If your New Year’s resolution is to lose weight, you’re certainly not alone. In fact, you’re pretty much on the bandwagon with the rest of the U.S. given that the most popular resolution amongst U.S. citizens was to “lose weight,” according to USA.gov here.
I’m usually wary of anything the majority of the population is into, but I am going to appease myself in assuming that most of us mean “gain health”or “lose unhealthy fat” when we say “lose weight.” Losing “weight” for the sake of losing weight is as pointless as seeking meaning in a Jersey Shore episode, and I could write a novel on that!

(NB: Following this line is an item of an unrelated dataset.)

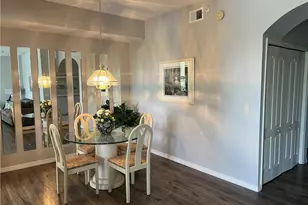7525 Stoneybrook Dr, Naples, FL 34112 - Photo 7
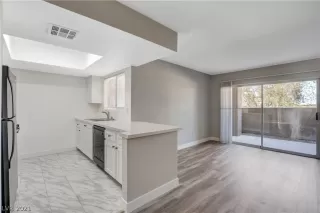 Photo #4: 2244573 Listing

This new year, I’ll remind you (and myself as my motivation has been waning), of the three most important tips in achieving the health you want:
- Inform yourself. You can’t expect to ace a chemistry test if you’ve never seen a periodic table before, so how can you expect to become fit and healthy if you’ve never learned how to read a nutrition label or how many calories are in a pound? If you are new to nutrition and fitness, have no fear – the Internet, as per usual, is free of amazingly awesome information (and not-so-awesome ads for acai berry and flat belly diets, but, eh whatcha gonna do?). I’d recommend reading here to understand how to read a nutrition label. Then take simple steps to become more informed. Rent some books on nutrition, subscribe to healthy lifestyle blogs and e-newsletters, and consult friends who seem to be living the lifestyle you want. You don’t have to pay money to join a gym to exercise or pay a nutritionist for nutrition advice — exercise and healthy eating are free (just be sure to do your research).

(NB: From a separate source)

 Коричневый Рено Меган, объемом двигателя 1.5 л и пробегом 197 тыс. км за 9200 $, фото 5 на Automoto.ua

- Be honest. It’s hard to be honest with yourself if you’re under- or mis-informed. That’s why #1 & #2 are intricately linked. As you arm yourself with more information, start to clearly define your goals. I think a lot of us just say, “I want to lose weight” and don’t realize that “losing weight” is not a health goal, it’s a vanity-based one. I know we all throw the term around, myself included, but I just want to throw it out there that being cognizant of what you really want is key to achieving your goals. Most of us want to be fit and healthy, and that doesn’t necessarily relate clearly to a number on a scale, but to habits, lifestyle and the duration of those two things. Additionally, you’ll want to be able to measure your progress. If you just want to “lose 5 pounds,” I guarantee if that’s as clear as your goal gets, you’ll be wishing the same thing come 2011. Make yourself accountable by giving yourself mini-goals and measuring your progress on a consistent basis. You can measure progress by tracking strength and endurance (i.e. how many sit-ups, lunges, push-ups can I do? How fast can I run a mile? How far can I run before stopping? Am I able to sleep better? Is my digestive system working better?).

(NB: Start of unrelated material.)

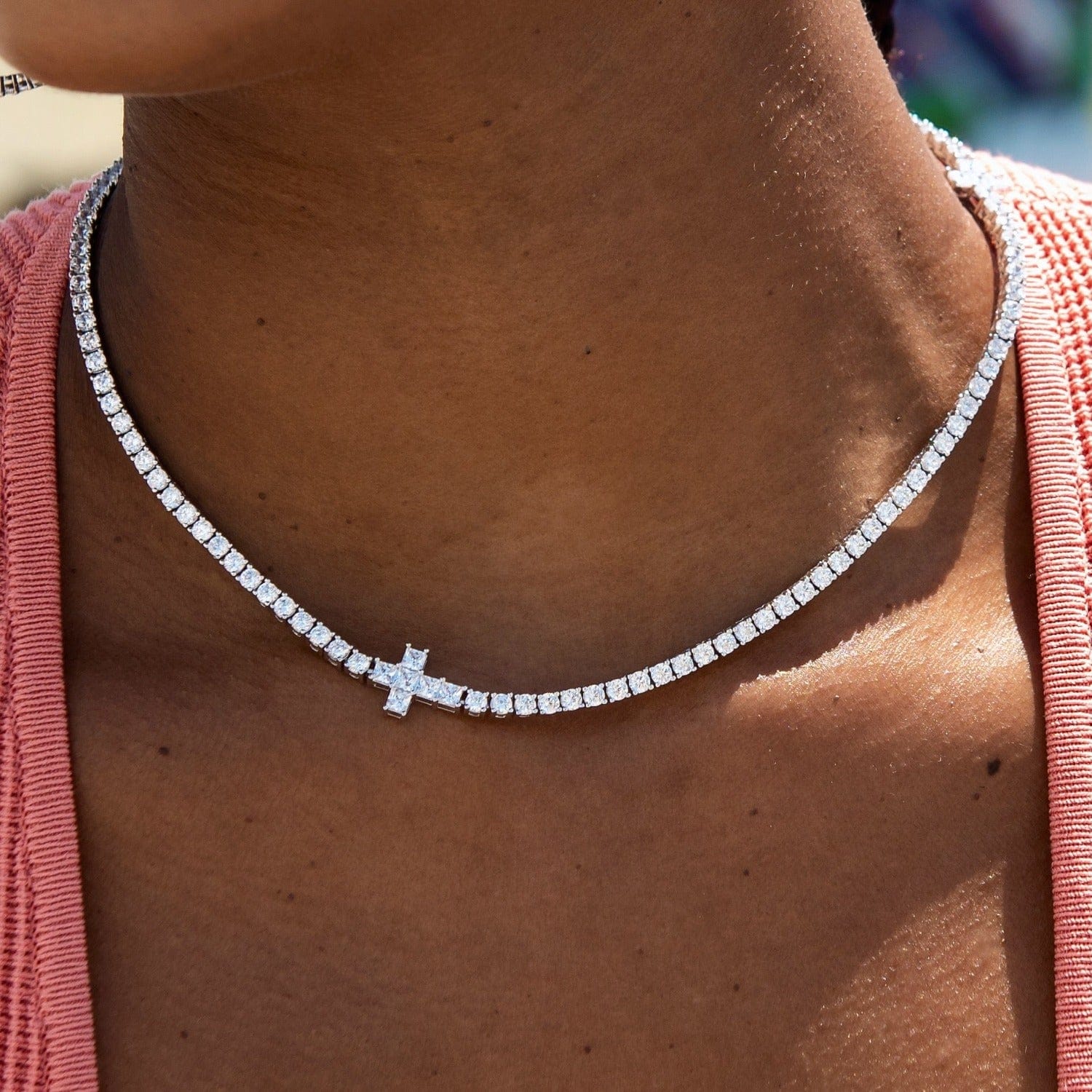 GLD Women 3 mm Diamond Cross Tennis Necklace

- Mind yourself. Don’t forget how intricately tied your mind, body and spirit are. I have learned the hard way how important it is to seek happiness in myself no matter how far along I am in achieving my health goals. There is no point in putting off your happiness until you look a certain way or meet some arbitrary socially-imposed standard of health or beauty. The reason any health goal is “DIY” is because it’s all about YOU. It’s freakin’ hard, but always try to extricate yourself from the unhealthy standards of beauty portrayed in mainstream media and concentrate on really listening to your body and mind and what you need to do to feel strong and healthy on your own terms. Insanity and the “perfect body” will only make you a crazed carrot. What’s the point?
What are your top three DIY health-gain tips?